Reproduce the section of the listing that begins at the line containing "東京日本レトロ旅行芸術 iPhone 15ケース" and finishes at the line containing "Hyper One Waterless". Include both end lines and nothing beyond them.

● Supplied data:
◇ ◇ ◇ ◇ ◇

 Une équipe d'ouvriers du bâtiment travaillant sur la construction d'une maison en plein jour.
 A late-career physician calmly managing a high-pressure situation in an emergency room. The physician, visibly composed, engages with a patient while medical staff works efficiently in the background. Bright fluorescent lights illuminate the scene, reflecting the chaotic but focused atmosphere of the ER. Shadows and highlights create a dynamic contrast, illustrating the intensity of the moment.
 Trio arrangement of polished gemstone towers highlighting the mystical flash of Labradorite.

◇ ◇ ◇ ◇ ◇

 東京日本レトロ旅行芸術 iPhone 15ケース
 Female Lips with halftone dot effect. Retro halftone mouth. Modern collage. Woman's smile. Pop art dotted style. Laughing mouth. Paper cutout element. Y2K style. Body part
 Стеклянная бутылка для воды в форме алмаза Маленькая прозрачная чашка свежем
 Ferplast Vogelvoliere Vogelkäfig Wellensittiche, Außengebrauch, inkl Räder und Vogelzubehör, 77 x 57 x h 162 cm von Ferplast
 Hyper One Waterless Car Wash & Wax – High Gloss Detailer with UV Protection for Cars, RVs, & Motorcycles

◇ ◇ ◇ ◇ ◇

● Answer below:
 東京日本レトロ旅行芸術 iPhone 15ケース
 Female Lips with halftone dot effect. Retro halftone mouth. Modern collage. Woman's smile. Pop art dotted style. Laughing mouth. Paper cutout element. Y2K style. Body part
 Стеклянная бутылка для воды в форме алмаза Маленькая прозрачная чашка свежем
 Ferplast Vogelvoliere Vogelkäfig Wellensittiche, Außengebrauch, inkl Räder und Vogelzubehör, 77 x 57 x h 162 cm von Ferplast
 Hyper One Waterless Car Wash & Wax – High Gloss Detailer with UV Protection for Cars, RVs, & Motorcycles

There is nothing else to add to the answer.